I find it rather amusing that six weeks of a horrendous market can lead so many people to declare that a "buy and hold" investment strategy is no longer viable. The evidence for such a claim is quite unimpressive, in my view. They assert that people who invested in the broad U.S. equity ten years have lost money so far, so "buy and hold" doesn't work.
Seriously? Yes, if you made a lump sum index fund investment in November 1998, waited a decade, never invested another penny, and sold today, you would have lost money over that time. "You would have made more by putting your money in the bank!" True again, but none of these arguments are very convincing. Let me explain why.

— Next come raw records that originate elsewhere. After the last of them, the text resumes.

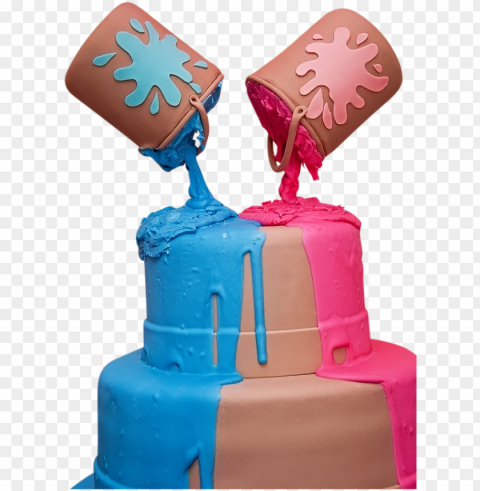 aint cans cake - paint can gender reveal cake PNG images without BG
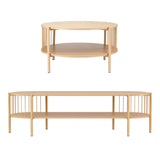 Artiss TV Unit & Coffee Table Set Storage Shelf Pine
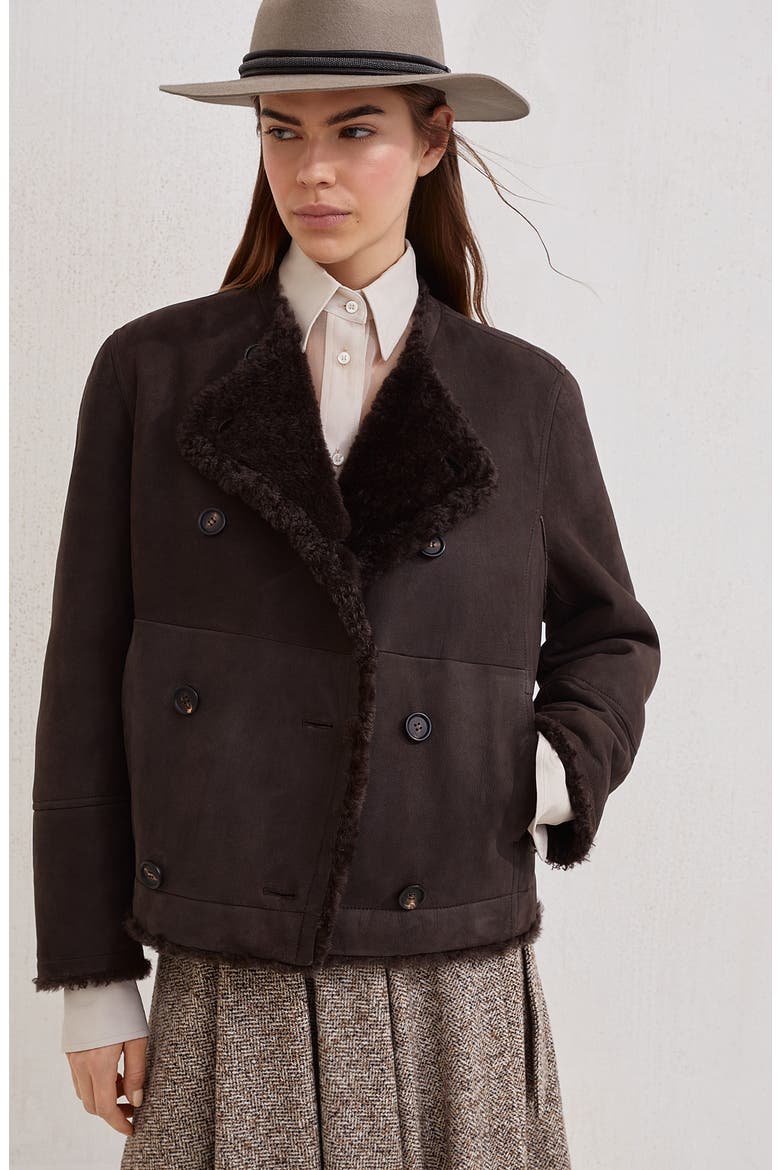Fuzzy shearling cropped pea coat, Alternate, color, Rust Brown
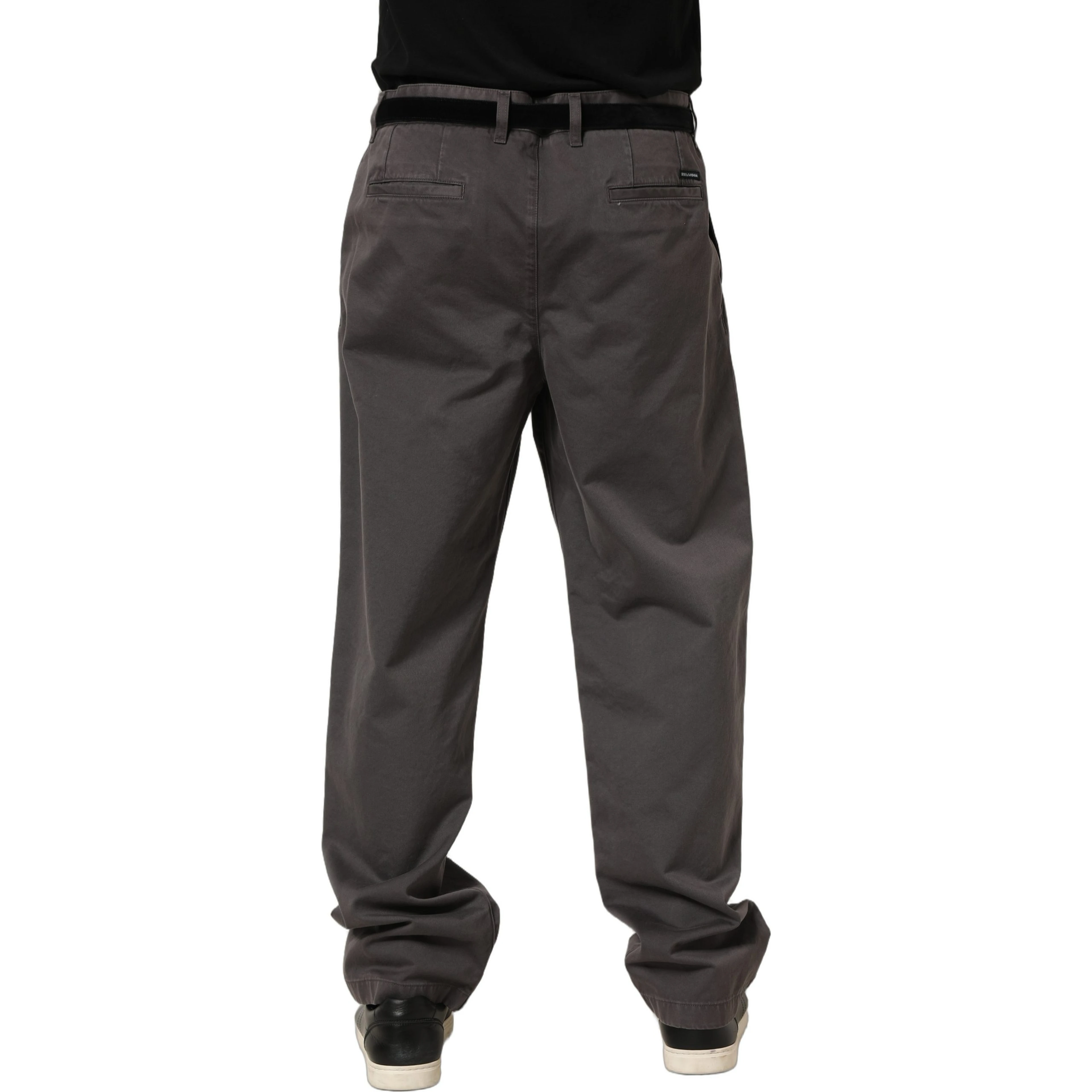 Dark Gray MidWaist Straight Men Trouser Pants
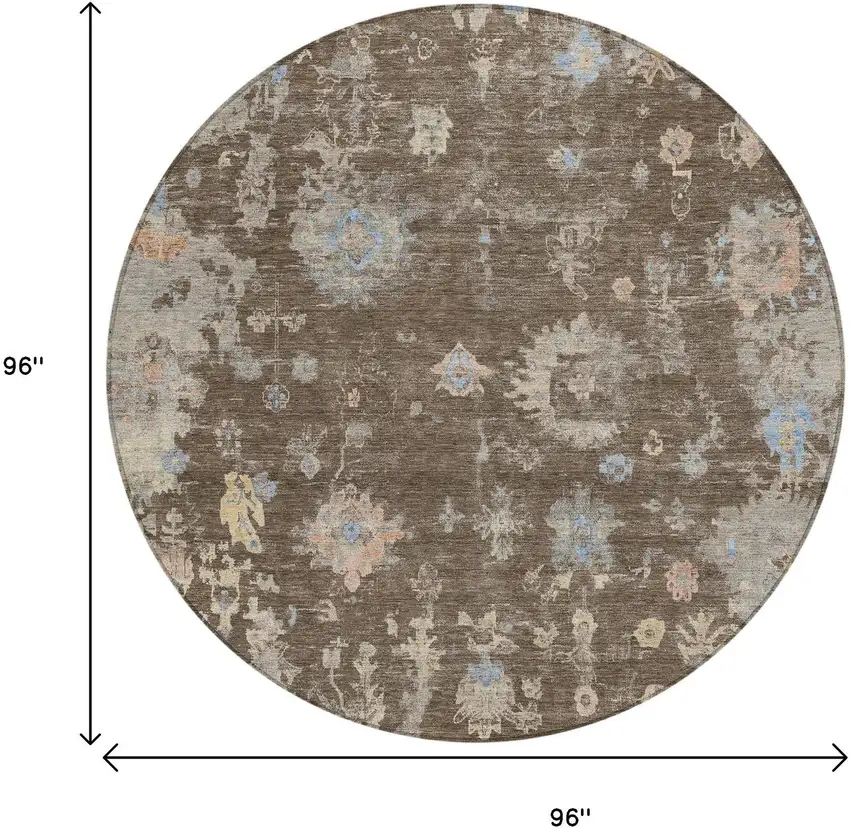 8' Chocolate And Beige Round Floral Washable Indoor Outdoor Area Rug Photo 3
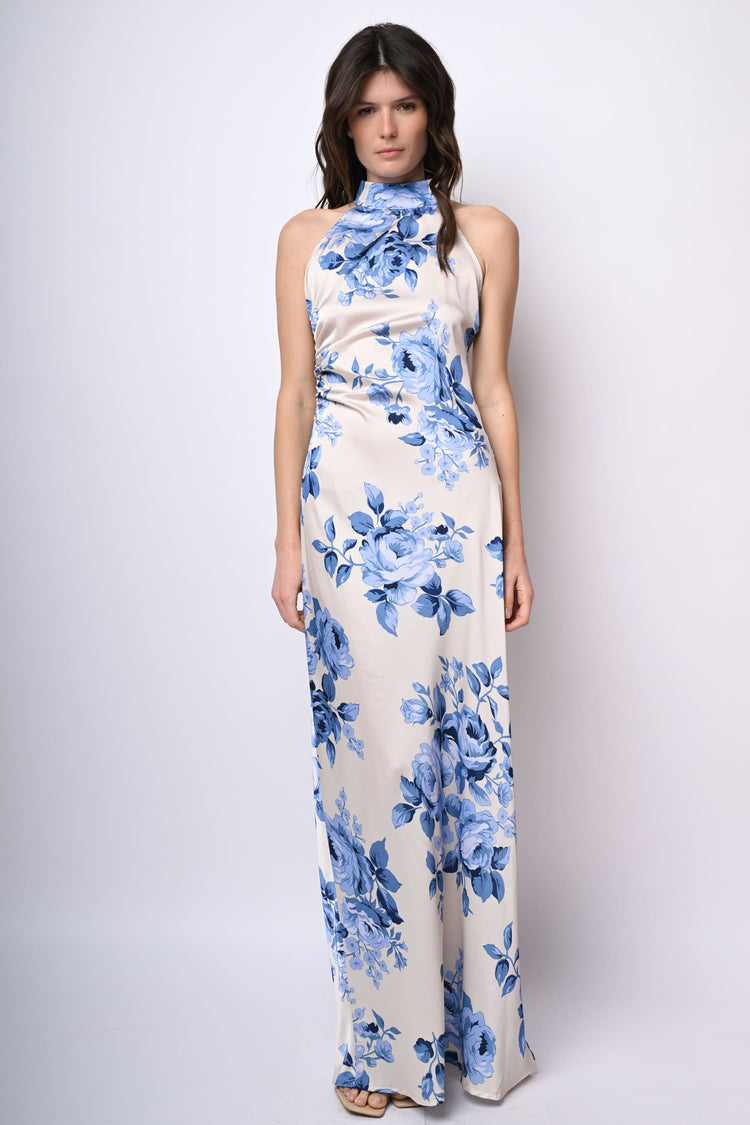 Abito lungo allamericana con stampa rose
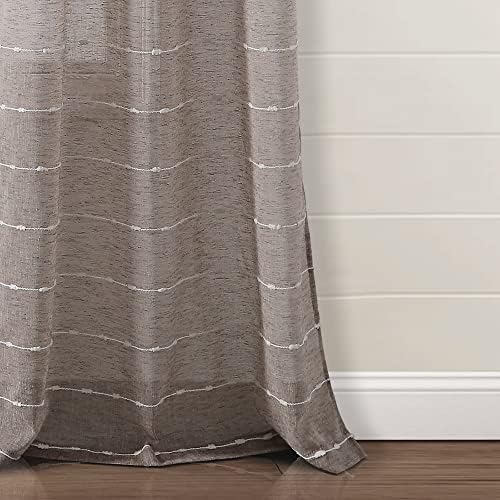 Lush Decor Farmhouse Textured Grommet Sheer Window Curtain Panel Pair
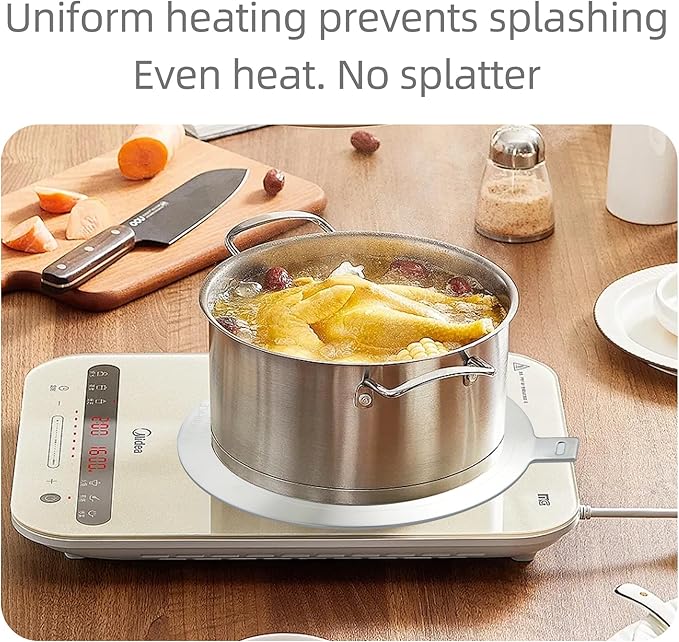 9.45 Inch Stainless Steel Induction Plate Adapter, Cooktop Heat Diffuser with Detachable Handle,Fire Diffuser for Electric or Gas Stove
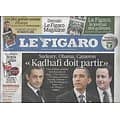 LE FIGARO n°20746 15/04/2011  Libye: tribune de Sarkozy-Obama-Cameron/ Cannes 2011/ Biocarburants/ Boom des tablettes
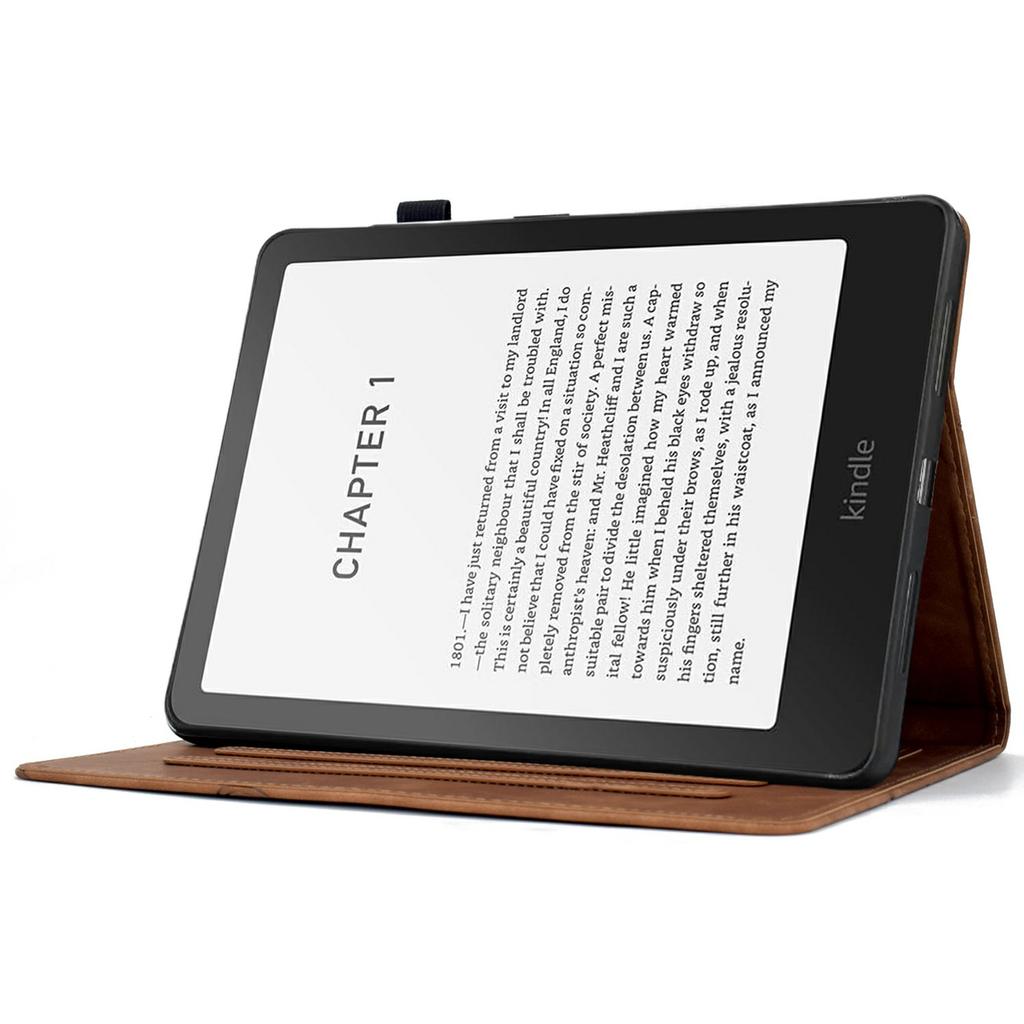 For Amazon Kindle Paperwhite (2024) Case Flower Bird Imprinted Card Holder Leather E-Reader Cover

The stock market in the late 1990's traded at the highest valuation ever recorded. That was not a good time to invest in the market with only a lump sum. Conversely, today stocks are trading at the lowest relative valuation since the early 1980's. Those who use the last decade as evidence that "buy and hold" does not work anymore are simply telling us that buying high and selling low is a losing strategy. We already know that.
How many investors invested a lump sum in the late 1990's, never added to their investment, and sold recently? I don't doubt that some people did that (because they traded on emotion, not analysis) but to conclude that those few instances prove that a long term passive investment strategy is a bad idea is nonsense.
One way to avoid buying high and selling low is by dollar cost averaging into the market by adding to one's investments over time. 401(k) investors contribute a certain percentage of their income to their plans in equal (typically bi-weekly) amounts. Other investors try to max out an IRA every year to ensure they are always adding to their investments in order to build wealth faster over time. For people who follow those investment principles, even if they choose an index fund rather than active portfolio management, the fact that the market trades lower today than it did in November 1998 is irrelevant.
People are misguided if they believe they will always get rich by investing a lump sum of money in the market, regardless of price, by not following the investment or adding to it over time. Just because some investors have learned that lesson the hard way, it certainly does not mean we should proclaim that "buy and hold" is dead.
One final point. Unlike ten years ago, stocks today are quite cheap on a historical basis. As a result, I would be willing to bet that ten years from now the market will be meaningfully higher than it is today. Ironically, naysayers are out there advising people against doing just that.